After six years of escalating violence in Nigeria's north-eastern states, the Nigerian authorities have postponed the general election to allow time for a last-minute offensive against the insurgents.
But although Nigerian troops have recaptured a number of towns from Boko Haram's hands - at times with Chadian help - over the past two weeks, there is little chance that the insurgency can be crushed before the end of the month, when the election is now due.
Mr Jonathan, who is seen as having barely dealt with the crisis, is now squeezed between his electoral campaign and a military offensive, hoping that both will turn in his favour.
In the meantime, Chad has clearly taken the lead. At the UN Security Council, where it is said to be "pushy", and on the ground, with Chadian troops deployed in Nigeria but also in Cameroon and in Niger.
Chad has been impatient to act in order to protect its supply routes, crucial to its economy. Goods come through Cameroon's Far North while it exports oil through a pipeline running through Nigeria's Adamawa state.
There is scepticism that Nigeria will even bring a resolution before the Security Council following the AU vote, in which case Chad would probably seek UN backing for the region.
Boko Haram regional growth?
Funds for the MNJTF will not directly come from the United Nations but from donor countries led by France, the US and the UK, which will all stress human rights issues, given the track records of the armies involved.
In a paper published last month, external, Marc-Antoine Perouse de Montclos, researcher at Chatham House, suggested that a multi-national response to Boko Haram's threat might just help the Nigerian Islamist insurgency take on a more regional dimension.
After all, Boko Haram launched its first attacks on Chad and Niger after the authorities of both countries said that they were joining the fight.
On the contrary but with tempered optimism, Western diplomats reckon that this current plan will at best stop a Boko Haram spill-over in the region and weaken the insurgency in Nigeria.
But it will not be enough to flush it out of the north-eastern states.
"Nigeria isn't really part of the game so far, but Abuja is obviously key to solving the crisis," wrote Mr Perouse de Montclos.
Diplomats agree.
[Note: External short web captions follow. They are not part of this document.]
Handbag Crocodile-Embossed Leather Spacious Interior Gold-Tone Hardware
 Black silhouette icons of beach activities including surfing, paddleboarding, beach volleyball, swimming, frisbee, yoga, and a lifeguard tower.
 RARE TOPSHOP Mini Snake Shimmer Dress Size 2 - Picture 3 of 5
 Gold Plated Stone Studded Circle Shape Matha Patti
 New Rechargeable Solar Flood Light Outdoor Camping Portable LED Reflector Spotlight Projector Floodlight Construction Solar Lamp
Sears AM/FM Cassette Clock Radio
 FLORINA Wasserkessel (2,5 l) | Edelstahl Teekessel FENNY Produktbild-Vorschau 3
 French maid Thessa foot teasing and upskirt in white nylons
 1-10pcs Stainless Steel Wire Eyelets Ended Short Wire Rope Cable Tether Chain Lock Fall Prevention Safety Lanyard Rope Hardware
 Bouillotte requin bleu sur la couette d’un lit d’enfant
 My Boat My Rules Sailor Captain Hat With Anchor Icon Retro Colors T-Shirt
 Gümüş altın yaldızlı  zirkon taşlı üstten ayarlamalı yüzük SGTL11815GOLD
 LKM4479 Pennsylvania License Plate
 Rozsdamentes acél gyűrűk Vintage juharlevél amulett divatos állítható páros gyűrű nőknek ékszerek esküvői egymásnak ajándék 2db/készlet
The MNJTF may well get the institutional framework it will need to operate, but the co-operation efforts made by Nigeria's francophone neighbours will not achieve much without a real Nigerian strategy - both military and political - against Boko Haram.
A source at the UN Security Council bluntly summed it up: "All we see is the failure coming from six years of non-action.
"Nigeria needs to get a lot more involved."